First, you need to cut your chicken breast in half. To do that, place it on a cutting board and, while holding your knife parallel to the cutting board, start cutting down the length of the side of the breast, keeping your incision as centered as possible. Keep slicing the breast widthwise until you get to the other edge.
It might help to place a FLAT hand on top of the chicken breast and apply just a little bit of pressure on it.
Rub each chicken breast half with olive oil and sprinkle salt, pepper and dried thyme all over it. Transfer to a plate and set to rest in the refrigerator while you work on the tomato sauce.
Coat a large saucepan with a little bit of olive oil and heat over medium high heat. When pan is hot enough, add the onion, celery, salt, pepper and oregano and cook for about 5 minutes, stirring often, until fragrant and onion becomes translucent. Stir in garlic and continue cooking for another minute. Add tomatoes and tomato paste, stir well and bring to the boil then reduce heat and simmer gently for 10-15 minutes, stirring from time to time.
Meanwhile, preaheat your outdoor grill to medium high heat. Place the half chicken breasts on the grill and cook for about 4-5 minutes per side, or until cooked all the way through.
Transfer the chicken breasts to individual oven safe dishes. Top each breast with half the tomato sauce, then sprinkle the cheeses overtop the two dishes.

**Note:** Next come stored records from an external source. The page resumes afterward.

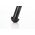 Statyw Benro Benro statyw Rhino 14C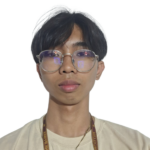 kenneth bianzon - Manila, Philippines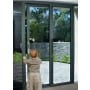 72dpi-f806-07door-1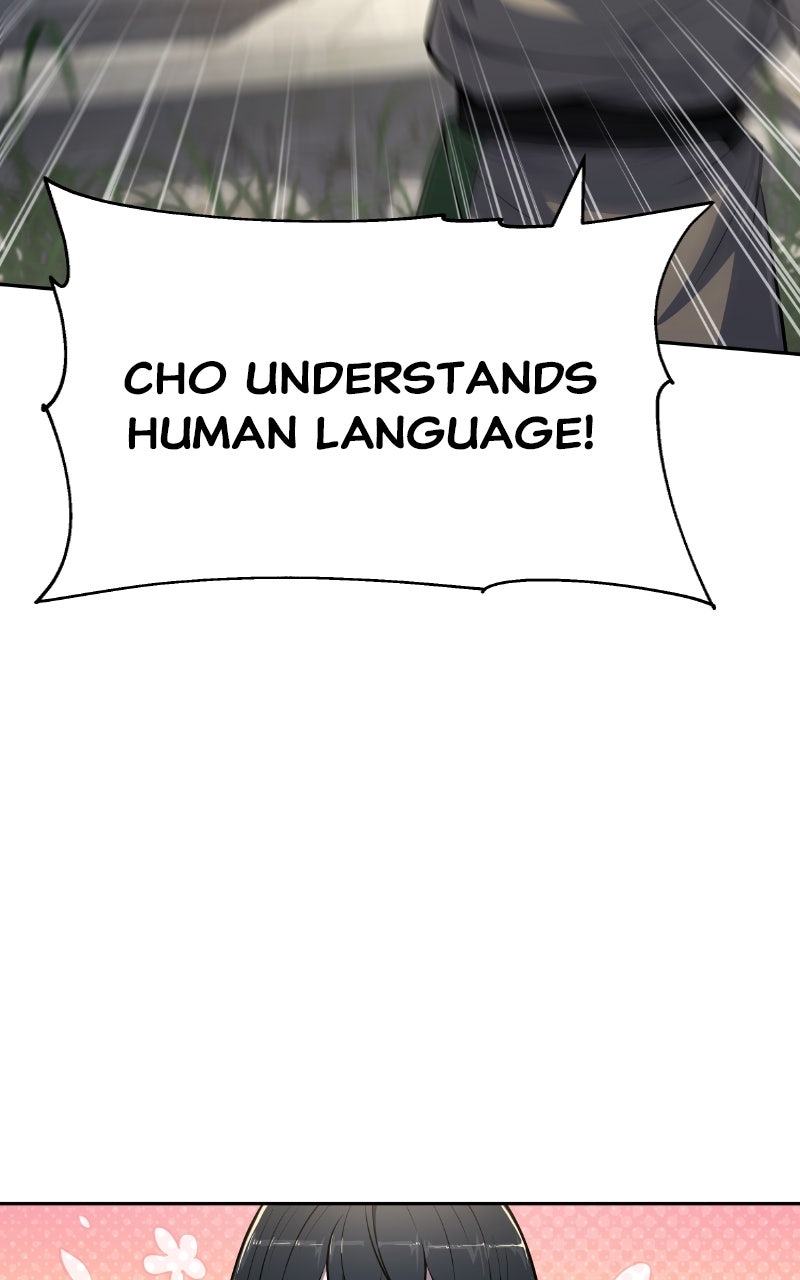 Read The Sichuan Tang Clan's Entomologist en Manga Online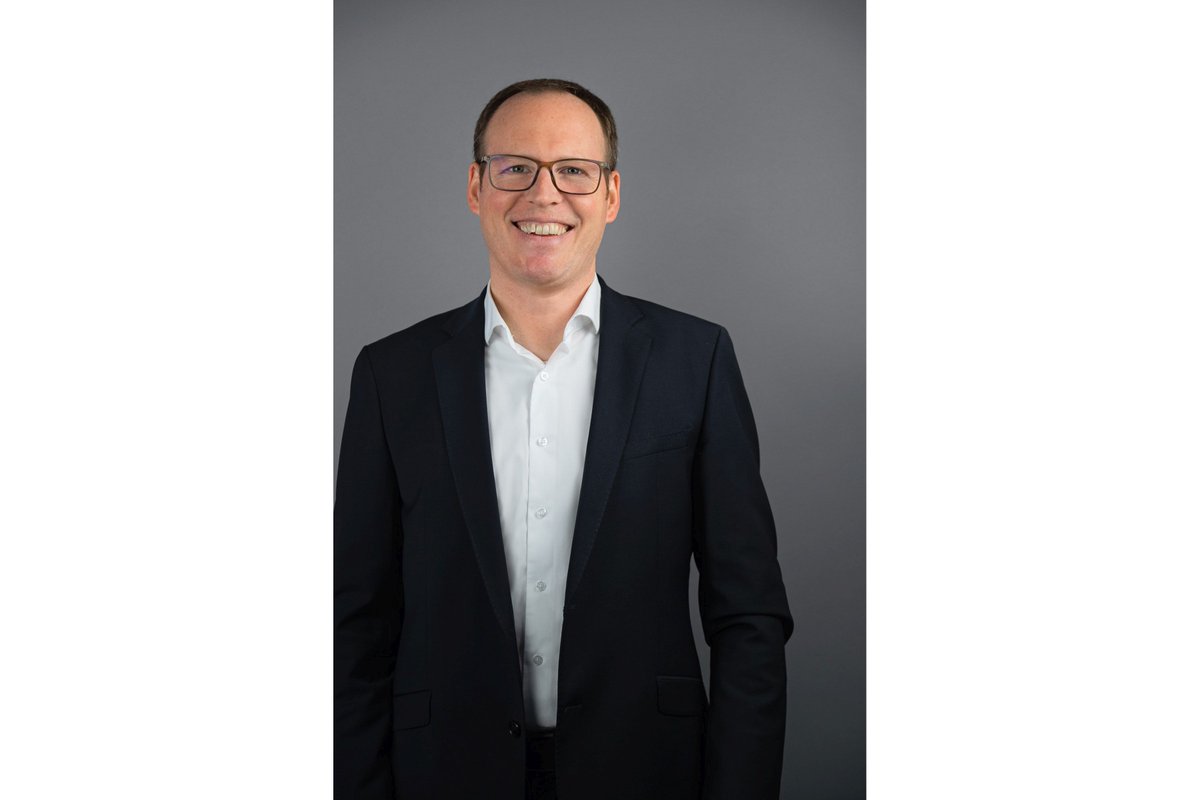 SPD_Hattersheim's tweet photo. Mobilität neu denken: SPD Hattersheim stellt wegweisende Anträge für eine moderne, klimafreundliche und soziale Mobilität in Hattersheim;url=https://t.co/2OVoQhiK1O 
#hattersheim #okriftel #eddersheim #SPD #hattersheimkannmehr https://t.co/dcHC2kko3m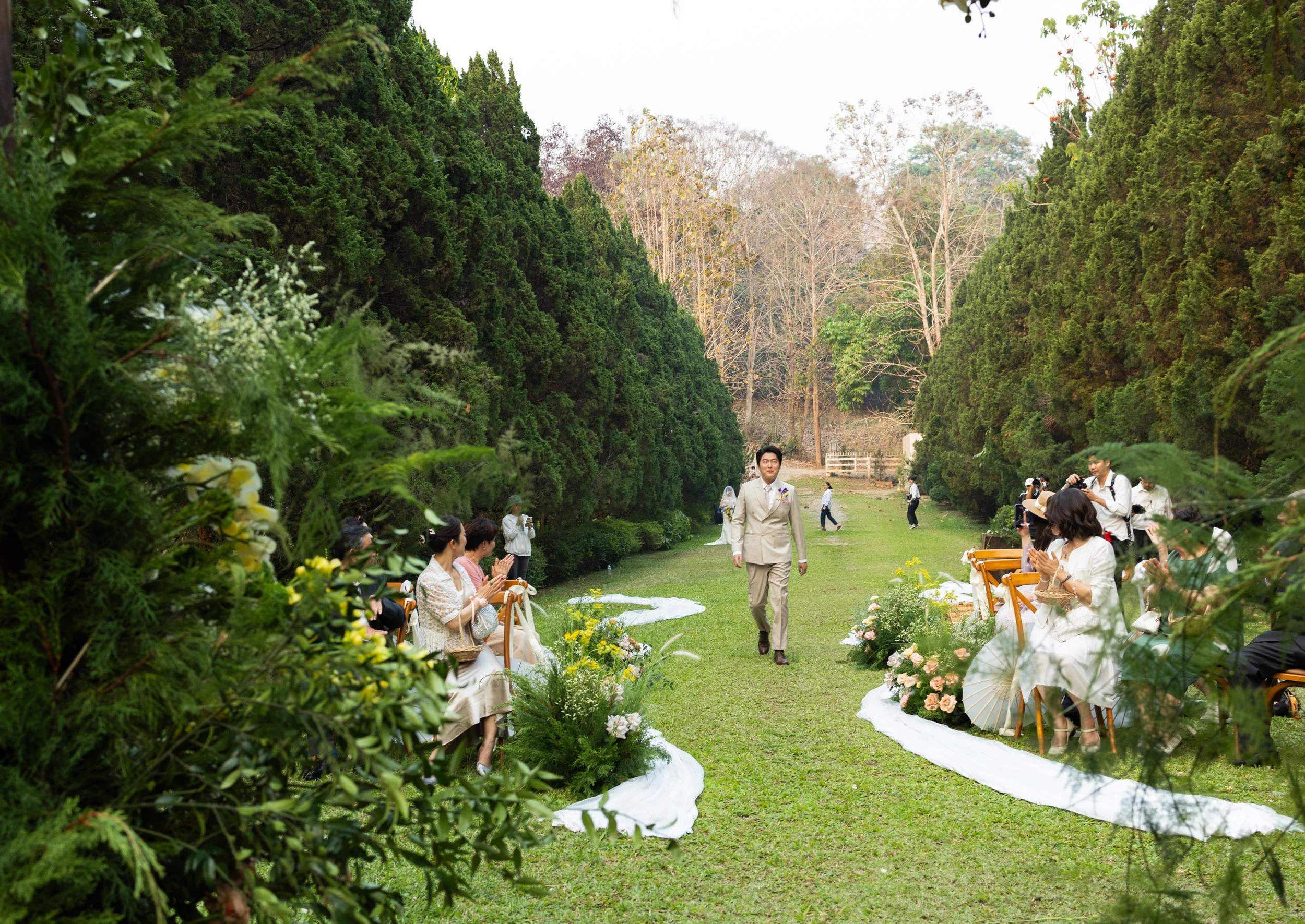 destination-wedding-photographe.jpg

Place on the higher rack of your oven and set to broil, just until cheeses melt and start to bubble and turn golden brown.
Serve with a side of greens.
*While you're at it, why not throw a few veggies on the grill, like bell peppers, zucchinis, eggplants, radicchio or endives? Simply prep your veggies (slice, cut or half them) drizzle with a little bit of extra virgin olive oil, sprinkle with salt and pepper and place them on the grill next to your chicken.